Some pages and meetings were excluded from the data and/or the data collection process. First, all meetups that took place only virtually were skipped. In the observation period, only a small number of editathons have taken place online (this rapidly changed after the outbreak of the Coronavirus pandemic). Next, portalsFootnote 11 were not checked for meetups unless they are covering regional entities (portals about cities or regions). Portals are somewhat similar to WikiProjects and task forces but are directed towards readers instead of editors. Portals provide well-maintained introductory landing pages into the encyclopaedia; they provide an overview of the most important articles in a certain topic area. As these are thus not places where authors are gathering, it was not expected that any meetings are organised in the context of portals.

This dataset is further restricted to meetings organised on the German-language version of Wikipedia. Some meetings which are also directed towards German-speaking Wikipedians are organised on other platforms maintained by Wikimedia, such as commonsFootnote 12 or meta.Footnote 13 However, anything that is not organised on the German-language Wikipedia was excluded from data collection.

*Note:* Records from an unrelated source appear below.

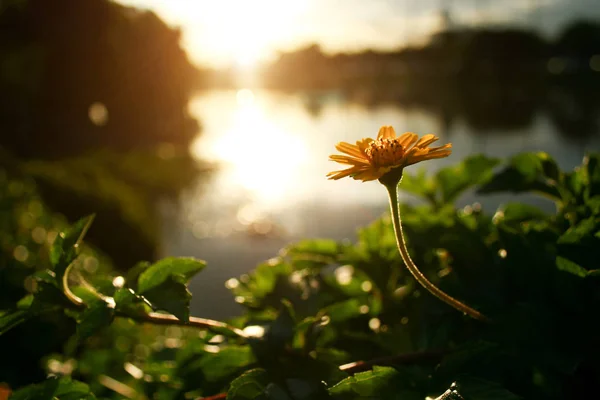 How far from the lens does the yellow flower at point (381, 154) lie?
32.5 inches

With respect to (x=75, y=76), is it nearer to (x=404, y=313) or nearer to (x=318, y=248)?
(x=318, y=248)

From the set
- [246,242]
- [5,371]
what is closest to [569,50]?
[246,242]

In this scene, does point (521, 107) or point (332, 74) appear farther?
point (332, 74)

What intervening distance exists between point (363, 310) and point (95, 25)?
16354 millimetres

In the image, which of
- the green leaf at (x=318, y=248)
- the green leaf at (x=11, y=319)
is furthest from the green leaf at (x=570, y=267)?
the green leaf at (x=11, y=319)

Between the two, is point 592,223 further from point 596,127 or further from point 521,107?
point 521,107

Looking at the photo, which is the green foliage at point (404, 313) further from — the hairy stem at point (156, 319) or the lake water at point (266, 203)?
the lake water at point (266, 203)

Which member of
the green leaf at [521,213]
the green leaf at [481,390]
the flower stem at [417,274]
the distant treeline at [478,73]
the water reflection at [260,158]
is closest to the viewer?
the green leaf at [481,390]

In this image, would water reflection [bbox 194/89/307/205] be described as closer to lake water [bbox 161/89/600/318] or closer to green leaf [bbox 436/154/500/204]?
lake water [bbox 161/89/600/318]

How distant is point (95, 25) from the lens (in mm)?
15438

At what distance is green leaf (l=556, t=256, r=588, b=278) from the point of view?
82 cm

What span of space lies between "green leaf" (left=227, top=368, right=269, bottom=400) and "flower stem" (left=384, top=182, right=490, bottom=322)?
272mm

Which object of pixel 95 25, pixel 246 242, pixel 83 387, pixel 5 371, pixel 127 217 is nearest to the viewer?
pixel 83 387

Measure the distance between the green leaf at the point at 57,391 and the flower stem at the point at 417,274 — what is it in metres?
0.50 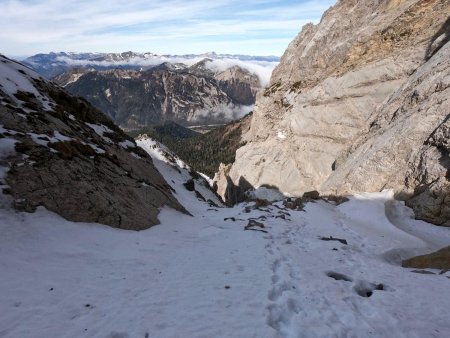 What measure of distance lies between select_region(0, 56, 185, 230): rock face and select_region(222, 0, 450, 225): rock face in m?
20.6

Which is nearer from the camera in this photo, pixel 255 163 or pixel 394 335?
pixel 394 335

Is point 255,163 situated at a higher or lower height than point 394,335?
lower

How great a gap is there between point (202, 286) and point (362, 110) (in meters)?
54.1

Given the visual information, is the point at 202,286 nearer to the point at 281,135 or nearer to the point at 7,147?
the point at 7,147

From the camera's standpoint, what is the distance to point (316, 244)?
60.3 feet

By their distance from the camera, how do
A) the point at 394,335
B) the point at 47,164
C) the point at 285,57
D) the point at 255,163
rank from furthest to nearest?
the point at 285,57 < the point at 255,163 < the point at 47,164 < the point at 394,335

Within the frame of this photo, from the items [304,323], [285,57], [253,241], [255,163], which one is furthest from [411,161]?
[285,57]

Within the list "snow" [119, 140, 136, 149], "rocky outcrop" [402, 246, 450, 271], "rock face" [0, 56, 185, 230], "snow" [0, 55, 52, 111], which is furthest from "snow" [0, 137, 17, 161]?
"snow" [119, 140, 136, 149]

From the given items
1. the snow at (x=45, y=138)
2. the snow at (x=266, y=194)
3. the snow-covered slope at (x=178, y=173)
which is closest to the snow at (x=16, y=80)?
the snow at (x=45, y=138)

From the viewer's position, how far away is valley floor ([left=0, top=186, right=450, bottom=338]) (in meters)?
8.66

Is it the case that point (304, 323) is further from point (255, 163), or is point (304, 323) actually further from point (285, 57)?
point (285, 57)

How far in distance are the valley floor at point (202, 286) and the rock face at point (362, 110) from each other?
12.8 m

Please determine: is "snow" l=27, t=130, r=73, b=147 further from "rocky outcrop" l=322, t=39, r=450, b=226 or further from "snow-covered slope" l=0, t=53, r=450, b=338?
"rocky outcrop" l=322, t=39, r=450, b=226

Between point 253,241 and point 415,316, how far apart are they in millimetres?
9585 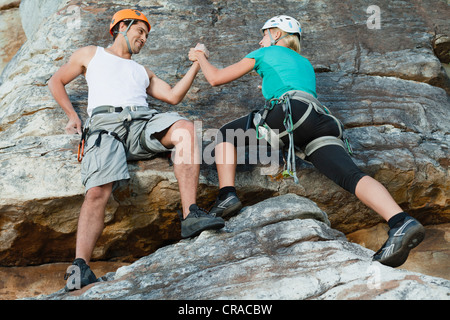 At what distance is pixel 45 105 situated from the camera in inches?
271

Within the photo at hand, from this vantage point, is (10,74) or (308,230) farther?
(10,74)

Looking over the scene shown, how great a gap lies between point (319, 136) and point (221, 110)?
196 centimetres

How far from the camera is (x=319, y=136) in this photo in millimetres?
5590

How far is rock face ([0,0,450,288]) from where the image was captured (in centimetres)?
599

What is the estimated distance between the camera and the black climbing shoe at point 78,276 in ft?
15.1

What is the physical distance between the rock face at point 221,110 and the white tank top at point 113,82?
0.67 m

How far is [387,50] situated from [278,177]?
11.3 feet

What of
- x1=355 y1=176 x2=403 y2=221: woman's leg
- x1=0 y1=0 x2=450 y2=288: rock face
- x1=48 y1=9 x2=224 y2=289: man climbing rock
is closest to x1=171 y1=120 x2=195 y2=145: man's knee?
x1=48 y1=9 x2=224 y2=289: man climbing rock

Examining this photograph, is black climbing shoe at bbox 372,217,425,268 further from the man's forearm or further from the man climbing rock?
the man's forearm

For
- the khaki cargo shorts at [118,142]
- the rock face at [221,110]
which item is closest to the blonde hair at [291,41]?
the rock face at [221,110]

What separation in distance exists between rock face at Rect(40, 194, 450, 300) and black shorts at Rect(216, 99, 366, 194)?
0.50m

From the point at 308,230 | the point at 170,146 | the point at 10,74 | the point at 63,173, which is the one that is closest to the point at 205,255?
the point at 308,230

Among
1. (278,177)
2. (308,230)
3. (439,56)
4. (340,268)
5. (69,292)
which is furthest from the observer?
(439,56)

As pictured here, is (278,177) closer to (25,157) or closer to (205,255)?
(205,255) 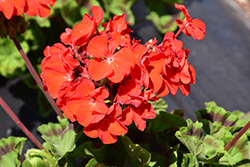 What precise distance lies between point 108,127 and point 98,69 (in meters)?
0.14

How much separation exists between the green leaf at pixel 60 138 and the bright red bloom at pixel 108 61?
0.37m

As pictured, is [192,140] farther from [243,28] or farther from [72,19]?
[243,28]

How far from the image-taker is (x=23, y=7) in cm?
68

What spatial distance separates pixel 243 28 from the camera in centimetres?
224

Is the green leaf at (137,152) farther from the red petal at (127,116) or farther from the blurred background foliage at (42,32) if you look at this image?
the blurred background foliage at (42,32)

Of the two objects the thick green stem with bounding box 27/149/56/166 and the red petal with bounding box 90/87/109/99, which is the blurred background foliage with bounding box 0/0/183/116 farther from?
the red petal with bounding box 90/87/109/99

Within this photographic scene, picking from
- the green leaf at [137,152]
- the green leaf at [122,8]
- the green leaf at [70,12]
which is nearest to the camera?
the green leaf at [137,152]

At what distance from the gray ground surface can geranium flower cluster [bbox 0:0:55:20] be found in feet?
3.13

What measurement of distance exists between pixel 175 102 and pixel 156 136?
2.57 feet

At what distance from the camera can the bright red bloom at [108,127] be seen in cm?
61

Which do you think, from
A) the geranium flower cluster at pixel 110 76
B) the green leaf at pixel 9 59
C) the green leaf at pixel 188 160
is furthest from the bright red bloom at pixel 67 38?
the green leaf at pixel 9 59

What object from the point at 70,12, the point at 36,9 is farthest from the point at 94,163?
the point at 70,12

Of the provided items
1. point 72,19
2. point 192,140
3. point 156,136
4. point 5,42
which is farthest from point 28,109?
point 192,140

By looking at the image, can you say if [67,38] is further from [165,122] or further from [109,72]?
[165,122] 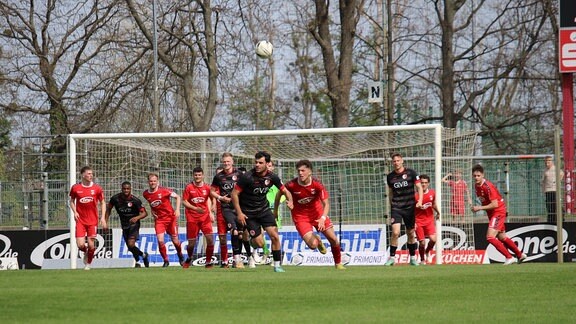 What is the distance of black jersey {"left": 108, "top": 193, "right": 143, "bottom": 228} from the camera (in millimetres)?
23953

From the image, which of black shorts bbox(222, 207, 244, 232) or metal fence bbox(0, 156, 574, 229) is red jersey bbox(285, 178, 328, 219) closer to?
black shorts bbox(222, 207, 244, 232)

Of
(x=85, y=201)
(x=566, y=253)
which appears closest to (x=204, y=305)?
(x=85, y=201)

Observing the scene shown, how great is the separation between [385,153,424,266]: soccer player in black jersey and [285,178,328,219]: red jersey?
9.28 feet

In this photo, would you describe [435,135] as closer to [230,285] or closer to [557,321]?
[230,285]

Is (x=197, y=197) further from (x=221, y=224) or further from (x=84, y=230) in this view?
(x=84, y=230)

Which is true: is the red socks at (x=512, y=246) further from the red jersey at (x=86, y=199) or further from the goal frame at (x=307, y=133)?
the red jersey at (x=86, y=199)

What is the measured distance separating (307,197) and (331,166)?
8.29m

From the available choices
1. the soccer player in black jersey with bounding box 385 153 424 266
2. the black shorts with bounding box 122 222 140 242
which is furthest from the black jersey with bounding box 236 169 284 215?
the black shorts with bounding box 122 222 140 242

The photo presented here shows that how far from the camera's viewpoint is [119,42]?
3628 centimetres

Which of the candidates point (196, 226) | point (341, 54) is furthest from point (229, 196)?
point (341, 54)

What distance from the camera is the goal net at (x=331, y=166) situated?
25.2 meters

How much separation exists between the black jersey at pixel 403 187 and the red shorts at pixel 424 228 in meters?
1.73

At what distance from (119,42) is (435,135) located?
16544 mm

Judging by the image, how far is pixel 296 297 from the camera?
1305 centimetres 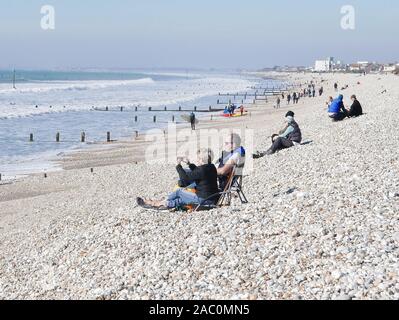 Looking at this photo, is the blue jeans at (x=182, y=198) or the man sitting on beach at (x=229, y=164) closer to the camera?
the blue jeans at (x=182, y=198)

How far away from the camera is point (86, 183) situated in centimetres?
1692

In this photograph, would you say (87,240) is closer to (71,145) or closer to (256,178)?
(256,178)

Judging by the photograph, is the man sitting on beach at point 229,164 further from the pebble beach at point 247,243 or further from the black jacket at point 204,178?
the pebble beach at point 247,243

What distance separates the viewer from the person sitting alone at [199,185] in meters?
9.26

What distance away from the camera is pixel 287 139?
50.1ft

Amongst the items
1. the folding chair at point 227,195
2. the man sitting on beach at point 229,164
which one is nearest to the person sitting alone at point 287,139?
the man sitting on beach at point 229,164

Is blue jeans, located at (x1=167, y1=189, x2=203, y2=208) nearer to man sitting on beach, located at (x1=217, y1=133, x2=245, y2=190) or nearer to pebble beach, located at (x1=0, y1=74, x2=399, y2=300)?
pebble beach, located at (x1=0, y1=74, x2=399, y2=300)

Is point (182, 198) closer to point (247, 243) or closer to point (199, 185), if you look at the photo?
point (199, 185)

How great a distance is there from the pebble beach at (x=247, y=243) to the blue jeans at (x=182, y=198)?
297mm

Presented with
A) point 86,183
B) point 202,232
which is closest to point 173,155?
point 86,183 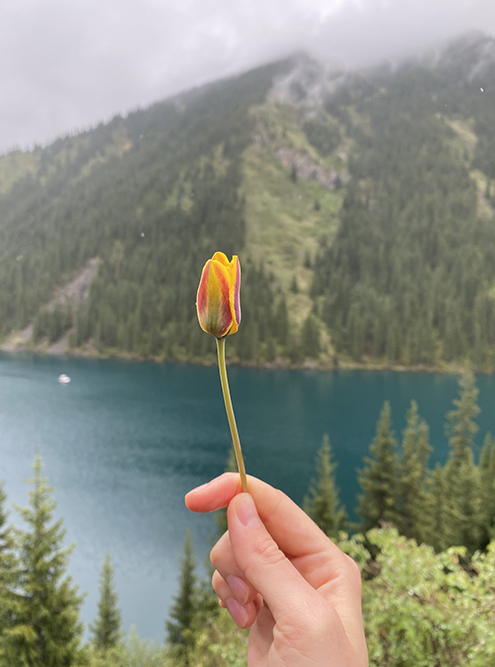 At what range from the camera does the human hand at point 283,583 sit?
0.92 m

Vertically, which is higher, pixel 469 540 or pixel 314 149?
pixel 314 149

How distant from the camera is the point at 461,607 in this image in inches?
114

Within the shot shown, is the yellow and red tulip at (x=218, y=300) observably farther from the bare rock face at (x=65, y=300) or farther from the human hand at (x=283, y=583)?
the bare rock face at (x=65, y=300)

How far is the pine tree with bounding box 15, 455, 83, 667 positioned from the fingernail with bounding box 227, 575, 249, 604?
788 cm

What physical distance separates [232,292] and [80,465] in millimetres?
29819

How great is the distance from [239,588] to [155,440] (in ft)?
103

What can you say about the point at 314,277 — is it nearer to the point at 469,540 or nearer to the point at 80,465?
the point at 80,465

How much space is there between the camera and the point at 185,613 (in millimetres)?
15758

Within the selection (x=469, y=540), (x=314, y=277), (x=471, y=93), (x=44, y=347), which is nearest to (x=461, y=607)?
(x=469, y=540)

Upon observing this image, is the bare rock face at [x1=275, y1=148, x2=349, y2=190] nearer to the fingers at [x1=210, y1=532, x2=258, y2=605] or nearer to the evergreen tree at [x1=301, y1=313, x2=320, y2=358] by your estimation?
the evergreen tree at [x1=301, y1=313, x2=320, y2=358]

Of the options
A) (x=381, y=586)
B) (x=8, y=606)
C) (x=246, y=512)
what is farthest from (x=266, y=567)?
(x=8, y=606)

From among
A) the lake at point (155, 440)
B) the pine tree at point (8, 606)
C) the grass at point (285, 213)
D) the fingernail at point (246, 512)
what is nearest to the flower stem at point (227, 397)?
the fingernail at point (246, 512)

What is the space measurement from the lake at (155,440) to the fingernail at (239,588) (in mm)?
20484

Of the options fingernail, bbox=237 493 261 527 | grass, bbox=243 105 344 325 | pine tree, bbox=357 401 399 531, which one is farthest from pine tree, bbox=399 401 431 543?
grass, bbox=243 105 344 325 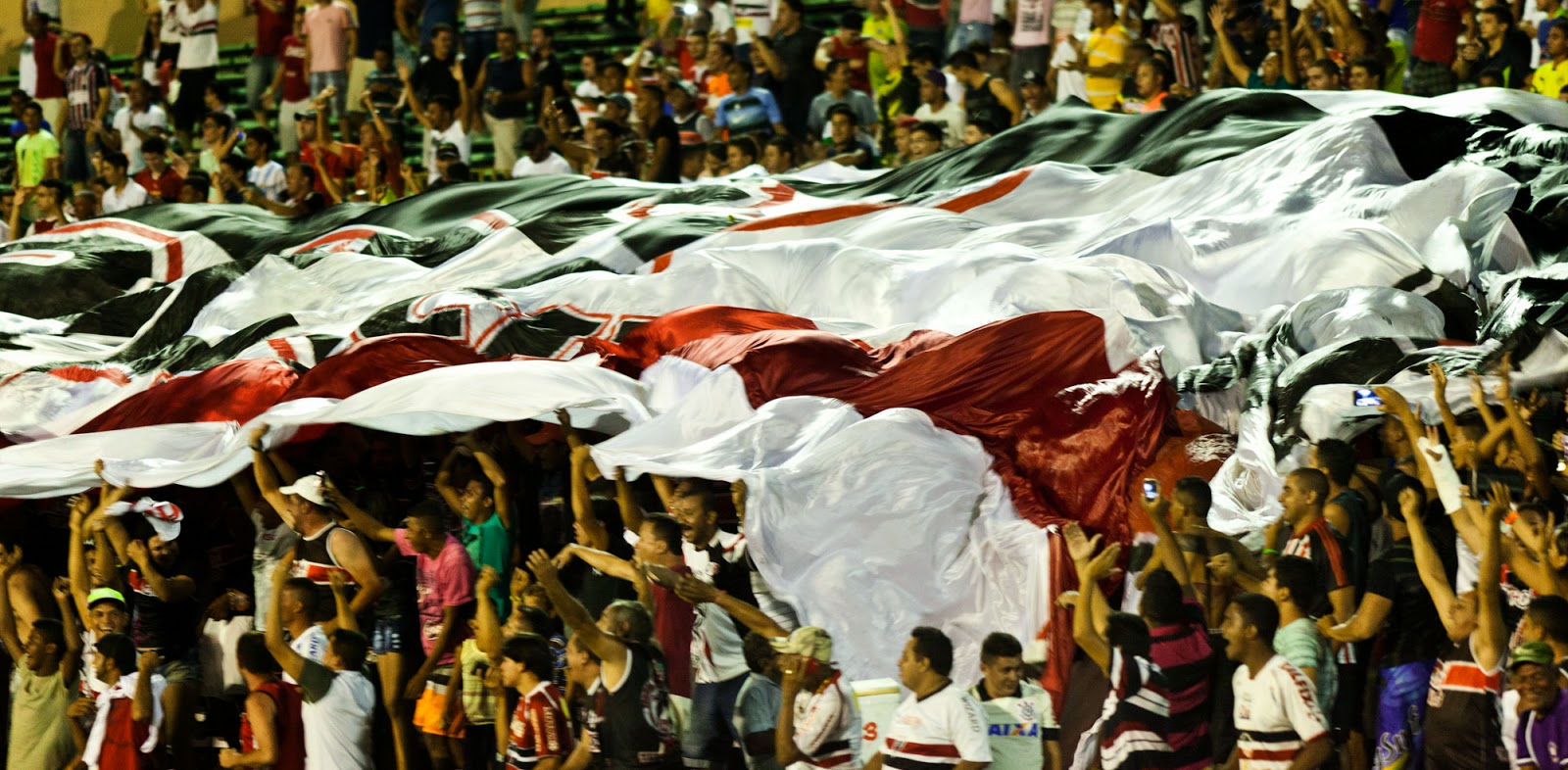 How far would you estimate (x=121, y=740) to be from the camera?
8062 millimetres

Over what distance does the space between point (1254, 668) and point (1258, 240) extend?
3514 millimetres

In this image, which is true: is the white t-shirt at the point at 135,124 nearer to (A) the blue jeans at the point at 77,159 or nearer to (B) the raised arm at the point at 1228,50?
(A) the blue jeans at the point at 77,159

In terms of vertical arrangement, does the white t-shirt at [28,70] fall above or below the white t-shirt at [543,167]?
below

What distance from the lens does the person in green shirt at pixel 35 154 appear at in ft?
55.4

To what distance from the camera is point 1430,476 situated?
22.5 feet

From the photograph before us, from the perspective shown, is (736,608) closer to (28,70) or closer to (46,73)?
(46,73)

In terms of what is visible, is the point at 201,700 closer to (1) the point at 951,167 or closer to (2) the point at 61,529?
(2) the point at 61,529

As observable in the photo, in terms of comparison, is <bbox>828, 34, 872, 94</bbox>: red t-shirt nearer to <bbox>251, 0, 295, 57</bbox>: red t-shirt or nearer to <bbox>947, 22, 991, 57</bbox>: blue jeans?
<bbox>947, 22, 991, 57</bbox>: blue jeans

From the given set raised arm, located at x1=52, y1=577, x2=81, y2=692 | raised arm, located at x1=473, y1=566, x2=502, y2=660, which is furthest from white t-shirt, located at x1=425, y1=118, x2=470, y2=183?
raised arm, located at x1=473, y1=566, x2=502, y2=660

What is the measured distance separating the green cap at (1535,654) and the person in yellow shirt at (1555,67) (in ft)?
18.9

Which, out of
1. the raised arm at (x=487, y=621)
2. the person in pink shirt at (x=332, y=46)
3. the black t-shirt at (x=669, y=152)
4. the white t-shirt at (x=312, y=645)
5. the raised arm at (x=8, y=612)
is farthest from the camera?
the person in pink shirt at (x=332, y=46)

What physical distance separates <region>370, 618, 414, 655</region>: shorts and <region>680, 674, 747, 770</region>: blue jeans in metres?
1.49

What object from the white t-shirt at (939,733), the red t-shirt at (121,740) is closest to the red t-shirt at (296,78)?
the red t-shirt at (121,740)

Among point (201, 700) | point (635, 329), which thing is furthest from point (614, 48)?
point (201, 700) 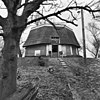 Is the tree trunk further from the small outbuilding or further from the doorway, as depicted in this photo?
the doorway

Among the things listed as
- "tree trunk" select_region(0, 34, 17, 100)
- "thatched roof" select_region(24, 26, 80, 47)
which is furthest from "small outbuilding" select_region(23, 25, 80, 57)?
"tree trunk" select_region(0, 34, 17, 100)

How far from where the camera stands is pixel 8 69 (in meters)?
3.14

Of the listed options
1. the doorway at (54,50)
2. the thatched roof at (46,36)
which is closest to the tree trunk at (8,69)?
the thatched roof at (46,36)

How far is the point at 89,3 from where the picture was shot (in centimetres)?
383

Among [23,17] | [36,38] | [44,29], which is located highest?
[44,29]

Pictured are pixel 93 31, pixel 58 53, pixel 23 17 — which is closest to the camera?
pixel 23 17

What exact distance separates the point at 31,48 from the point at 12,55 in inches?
667

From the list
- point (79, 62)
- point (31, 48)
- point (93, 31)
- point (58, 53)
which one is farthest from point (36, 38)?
point (93, 31)

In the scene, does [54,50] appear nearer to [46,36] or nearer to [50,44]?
[50,44]

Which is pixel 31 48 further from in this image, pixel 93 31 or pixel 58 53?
pixel 93 31

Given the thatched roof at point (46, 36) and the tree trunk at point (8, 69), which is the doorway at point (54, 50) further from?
the tree trunk at point (8, 69)

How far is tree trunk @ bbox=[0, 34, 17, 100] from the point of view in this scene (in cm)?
310

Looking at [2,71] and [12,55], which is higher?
[12,55]

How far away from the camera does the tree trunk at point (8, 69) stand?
3102mm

In addition, very regular meetings taking place in community spaces were excluded from the dataset. Such community spaces exist in some cities in the German-speaking region and offer headquarters for staff members and engaged volunteers. They are places of often extraordinarily high Wikipedia activity: in some spaces, multiple meetings and open editing events per week take place. These meetings are often attended by the same very small, core group of editors. In many cases, the attendees stop recording their attendance. As these community spaces exhibit a very different dynamic to other meetups and as it was often impossible to reliably collect data on the attendees, the following very regular meetings were excluded from the dataset/data collection:

  • Berlin, Tempelufer bureau: exclusion of general open editing events, exclusion of open editing events for women.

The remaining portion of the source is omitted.